[WIP][dist_optim] introduce distributed functional optimizer

wanchaol · wanchaol · commit 17fd1ff148f8 · 2020-09-23T12:15:37.000-07:00
This PR introduces a distributed functional optimizer, so that distributed optimizer can reuse the functional optimizer APIs and maintain their own states.

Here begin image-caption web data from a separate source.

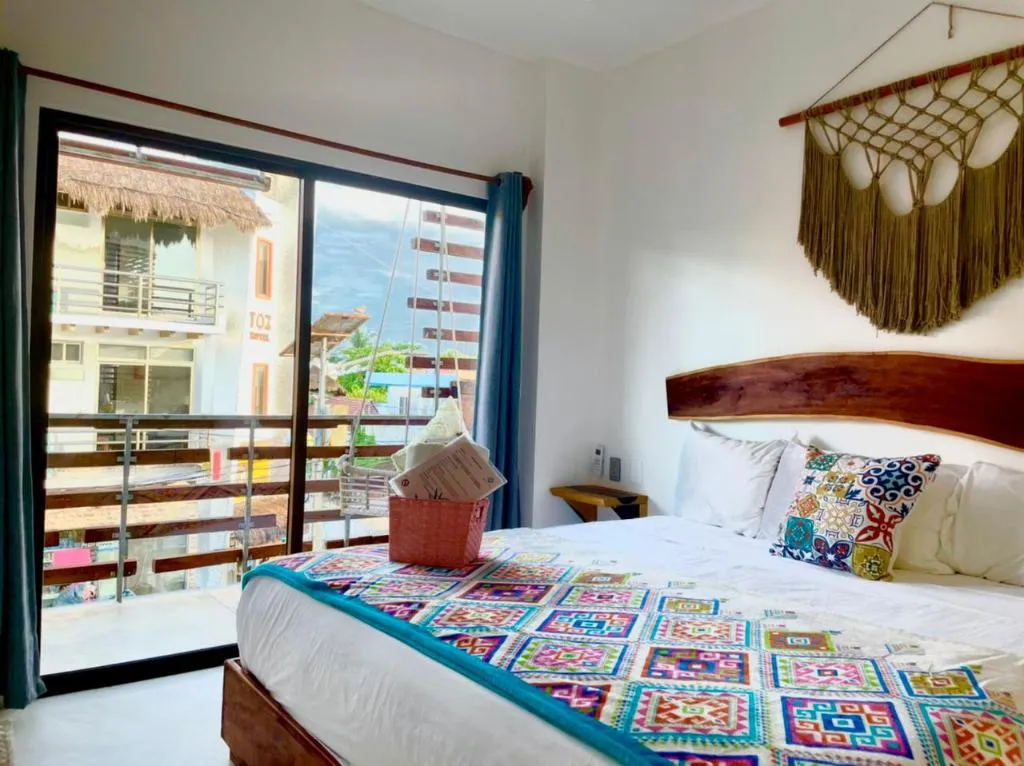 DOUBLE KING SIZE BED Room, Mittoz Holbox, Cancun Area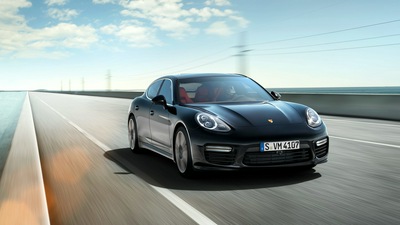 Porsche Panamera 2018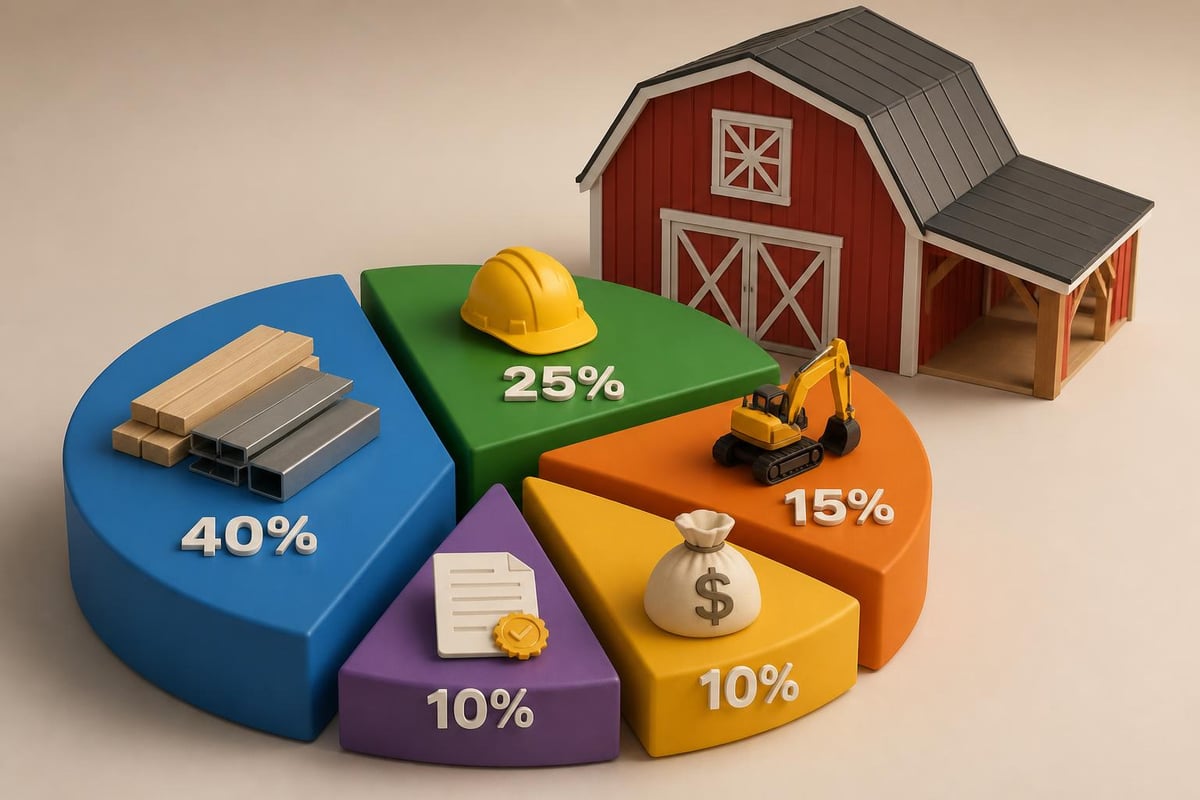 Barn construction budget allocation
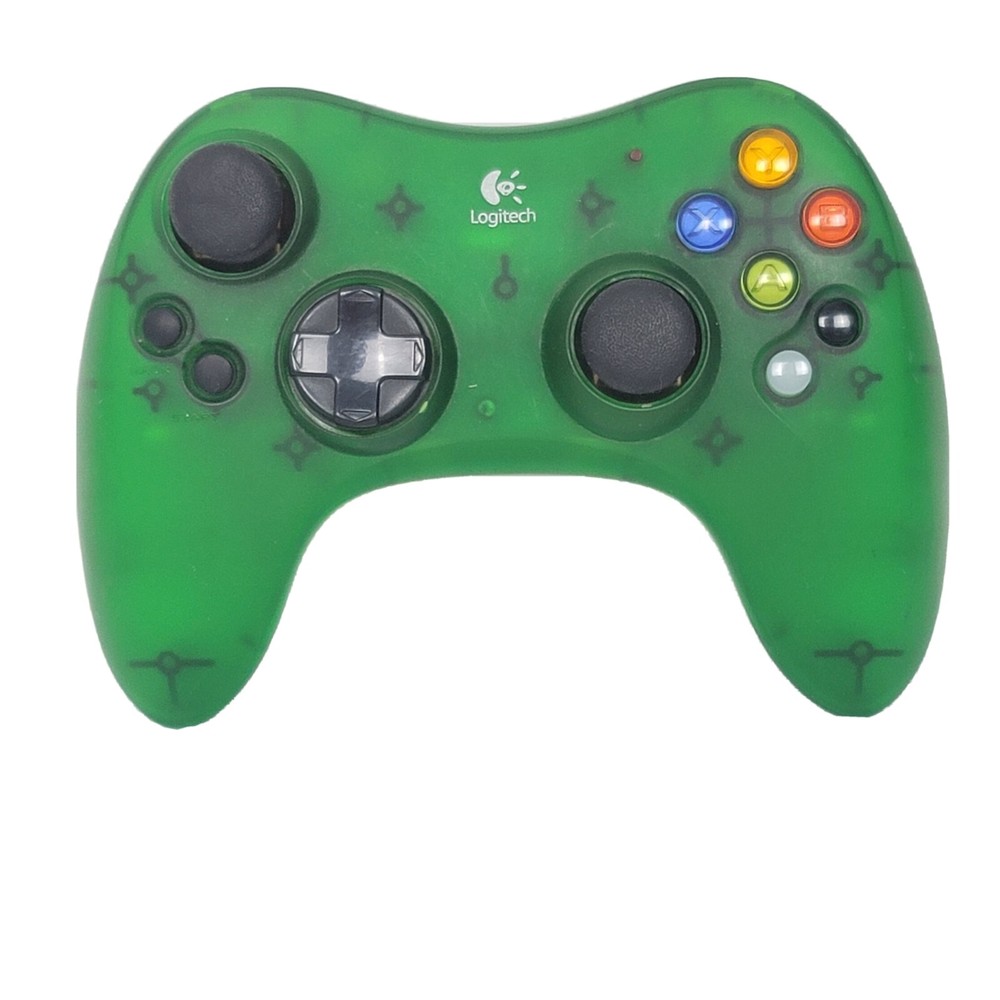 Logitech Microsoft Xbox Wireless Attack Controller No Receiver Powers On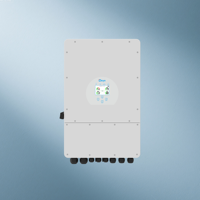 Kit solaire Deye 10KW-12KW, onduleur solaire hybride avec batterie, MPPT, panneaux solaires Trina, protection pour système de stockage d'énergie domestique, système photovoltaïque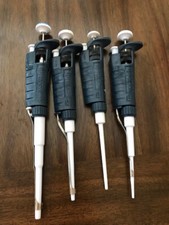 Set gilson pipetman for sale  Stafford
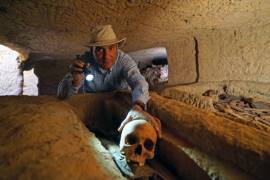 Lost Tombs of the Pyramids
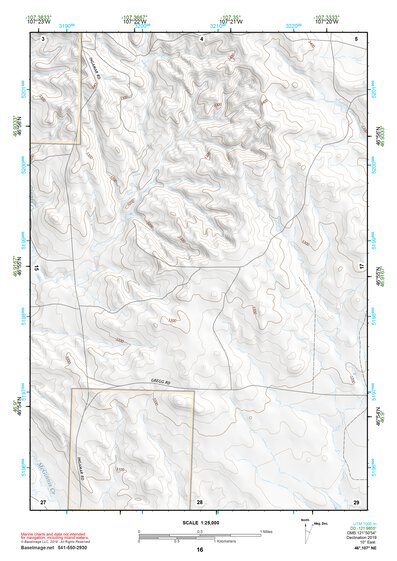 46107NE Page 16 Melstone Topo Preview 1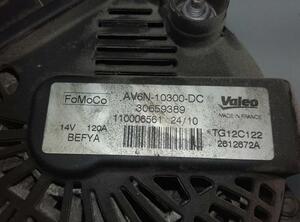 P14853939 Lichtmaschine FORD Fiesta VI (CB1, CCN) AV6N10300DC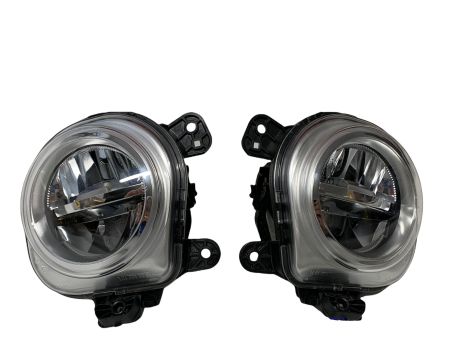 2X NEUE ORIGINAL HALOGEN NEBELSCHEINWERFER  LED BMW X3 X4 X5 X6 F25 F26 F15 F16 63177317251 63177317252 7317251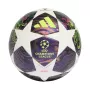 adidas UCL 25/26 Final Competition futbolo kamuolys, 5 dydis, baltai violetinis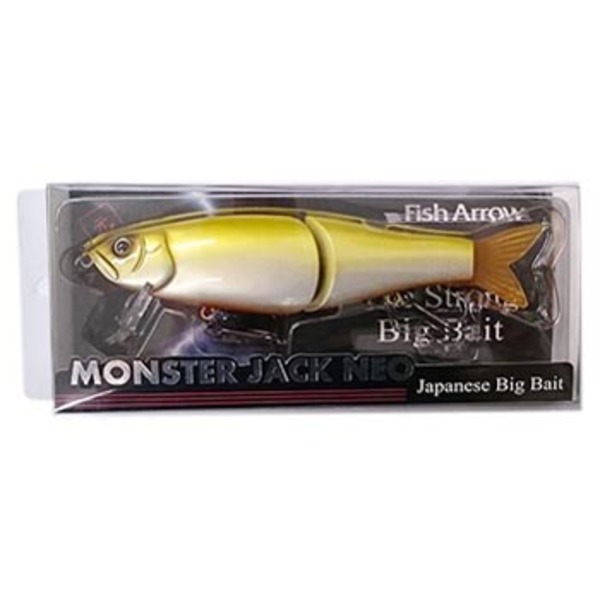 フィッシュアロー モンスタージャック ネオ   ビッグベイト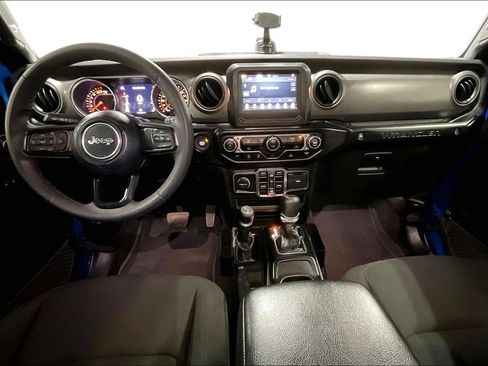 Used 2023 Jeep Wrangler Unlimited Sport AWD/4WD image 18
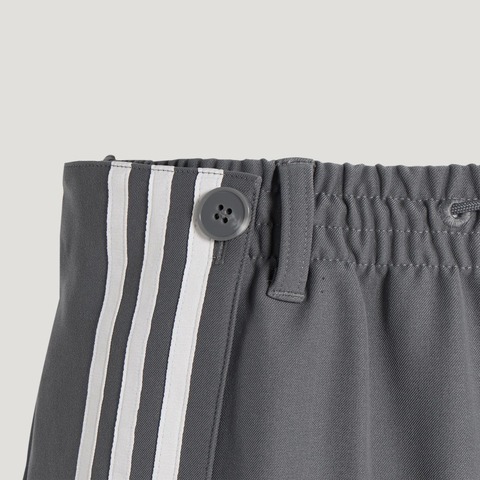 Adidas Original阿迪三叶草2026男子3S DELUX TP梭织长裤KS5343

This could enable the torchscript compatible functional optimizer when using distributed optimizer, helps getting rid of GIL and improve overall performance of training, especially distributed model parallel training ghstack-source-id: 0c75d84 Pull Request resolved: #45221
diff --git a/torch/distributed/optim/adagrad.py b/torch/distributed/optim/adagrad.py
@@ -0,0 +1,90 @@
+from typing import List, Dict, Optional
+import torch
+import torch.optim.functional as F
+
+from torch import Tensor
+
+# Define a TorchScript compatible Functional Adagrad Optimizer
+# where we use these optimizer in a functional way.
+# Instead of using the `param.grad` when updating parameters,
+# we explicitly let the user pass gradients to the `step` function
+# this is so that we could separate the gradients and parameters
+# and allow multithreaded trainer to update the parameters
+# without data traces on accumulating to the same .grad.
+# NOTE: This should be only used by distributed optimizer internals
+# and not meant to expose to the user.
+@torch.jit.script
+class FunctionalAdagrad(object):
+    def __init__(
+        self,
+        params: List[Tensor],
+        lr: float = 1e-2,
+        lr_decay: float = 0.0,
+        weight_decay: float = 0.0,
+        initial_accumulator_value: float = 0.0,
+        warmup_lr_multiplier: float = 1.0,
+        warmup_num_iters: float = 0.0,
+        eps: float = 1e-10,
+        coalesce_grad: bool = True,
+    ):
+        self.defaults = {
+            "lr": lr,
+            "lr_decay": lr_decay,
+            "eps": eps,
+            "weight_decay": weight_decay,
+            "initial_accumulator_value": initial_accumulator_value,
+            "warmup_lr_multiplier": warmup_lr_multiplier,
+            "warmup_num_iters": warmup_num_iters,
+        }
+        self.coalesce_grad = coalesce_grad
+        self.state = torch.jit.annotate(Dict[torch.Tensor, Dict[str, torch.Tensor]], {})
+
+        if len(params) == 0:
+            raise ValueError("optimizer got an empty parameter list")
+
+        # NOTE: we only have one param_group and don't allow user to add additional
+        # param group as it's not a common use case.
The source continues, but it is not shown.